We considered EDTV plama for a while but TheLadyLion and I looked at the Zenith together and both agreed that it had a sharper picture than the 852x480 ED resolution and was still several hundred dollars less expensive than the 1024x768 plasma models.
It arrives in the morning so I’ll be able to get things connected after work. I’m really looking forward to testing it with HDTV cable feeds and anamorphic DVDs in progressive scan mode with component video inputs. We’re stepping up from a nine year old 27" Sony which should be a huge improvement at a ten foot distance. I’m sure there is soon to be a price drop in large plasma and LCT flat panels but I leave it to others to try and beat Moore’s law.
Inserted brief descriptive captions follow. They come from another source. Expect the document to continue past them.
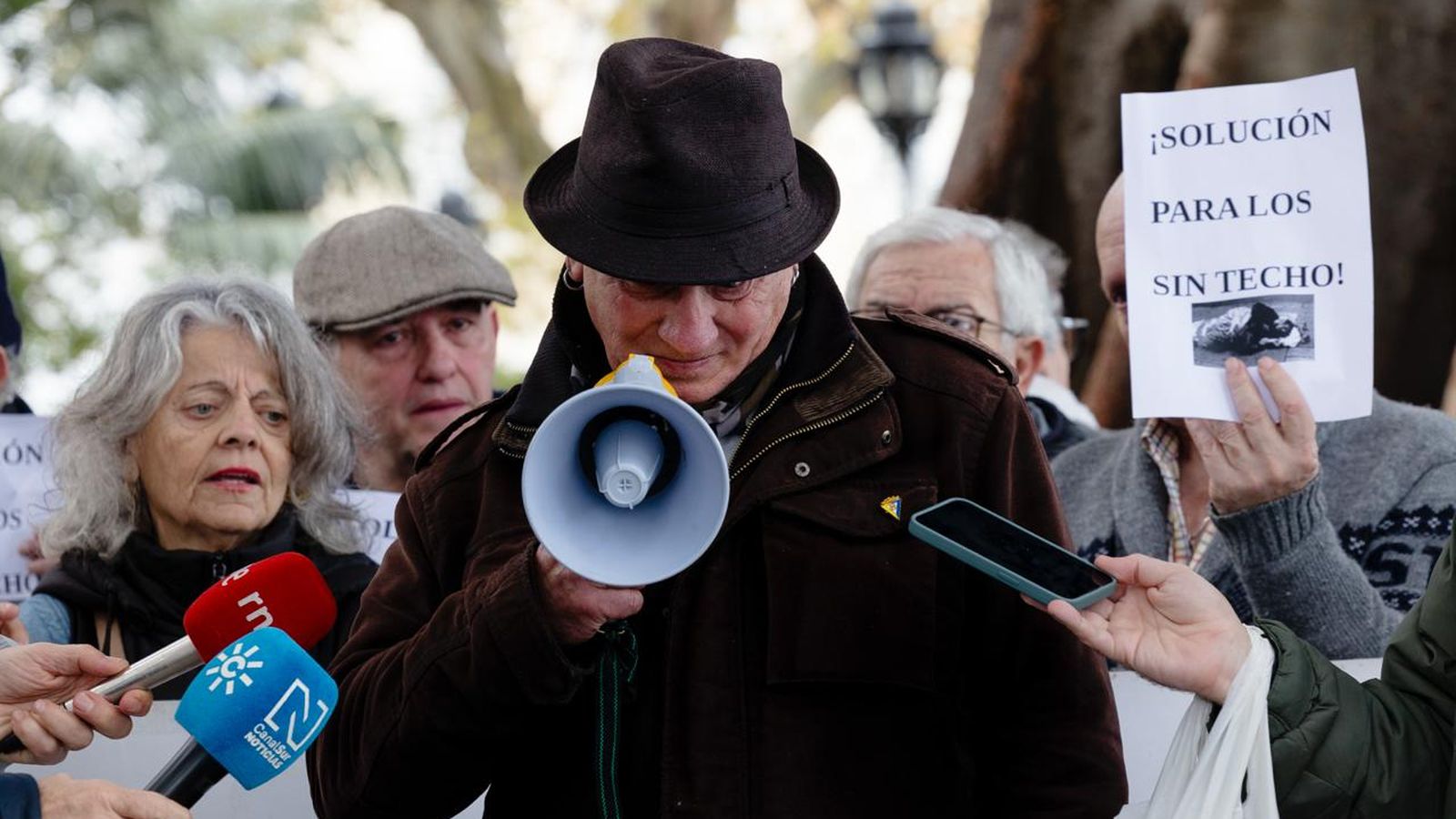Lectura del manifiesto en demanda de soluciones para las personas sin hogar.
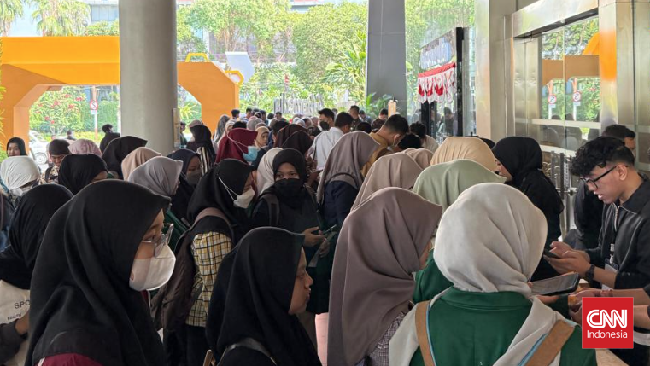 Ratusan peserta dari berbagai latar belakang memadati LPS Financial Festival di Surabaya.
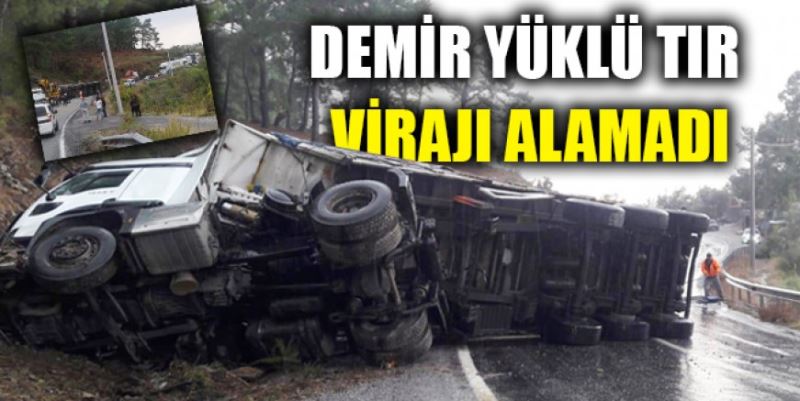 DEMİR YÜKLÜ TIR VİRAJI ALAMADI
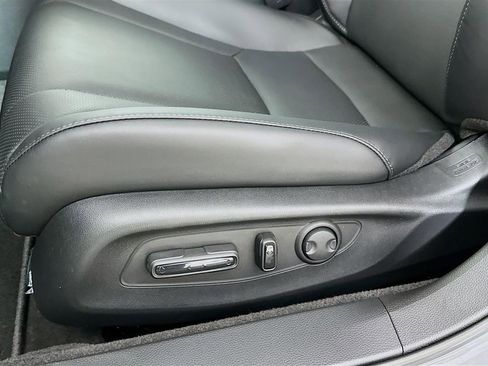 Certified 2025 Honda Accord EX-L image 9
Our TV was delivered Monday so I thought I’d give a little report. We got the Zenith E44W46LCD, a 44" LCD projection model. Except for a little glitch that means we can’t use the DVI interface I’m extremely happy. AFAIKT using the component video input doesn’t degrade the image in a way I can detect so I have my cable box and DVD recorder both connected that way. HD cable images look awesome but I can see the same color banding artifacts on gradients I had complained about with my parent’s dish network system. I guess I’ll have to live with that. Detail is astonishing and I’m glad I didn’t settle for a lower resolution set. Anamorphic DVDs looks just as impressive and show detail I didn’t know was possible from NTSC source.
The cable box is a Scientific Atlanta Explorer 8300HD, a combo cable box with two tuners and high dev digital recorder. I am very impressed with how seamless the integration is and how functional the whole thing is. I haven’t done a lot of comparison between recorded and live HD images but I have nothing to complain about so far. I haven’t filled up the internal disk yet but I’m going to look into a compatible external drive for extending its capacity. I have a few more tests to make such as archiving programs to my DVD recorder and reconnecting my surround sound system but I am really happy with this setup.
I think I have the same one, so let me know how yours works out. I am having some “glitches” in about 1/3 of the shows I am “taping” (downloading?)…little digital wacko visuals and sometimes the sound goes louder and softer. It is in the recording, not the tv as when I play the scene back, the same glitch and sound fluxes are there. Just want to know if you experience the same - not looking forward to calling the local Cox Communications and being put on hold for an hour.
Also, anyone else notice that when you have your digital televison on in one room, and a regular tv on the same channel in another room, the digital is about a full second behind in picture and sound? Very odd.
Answering all of my own questions above, I had the cable company send someone over. He told me it wasn’t just me, but the entire Las Vegas Valley is having the same problems with the digital broadcasts and the DVR recordings. Said Cox is working on it. So - I guess I get a credit on my next bill and he said they hoped to have the problem figured out by Sunday.
I’ve gotten some small bits of “digital static” on occasion on live HDTV and recordings but nothing that overly concerns me. I need to test a three way splitter tonight as we need to make sure we can run the HD cable box, the NTSC one and our cable modem at once as the originally installer didn’t think we could split down that far.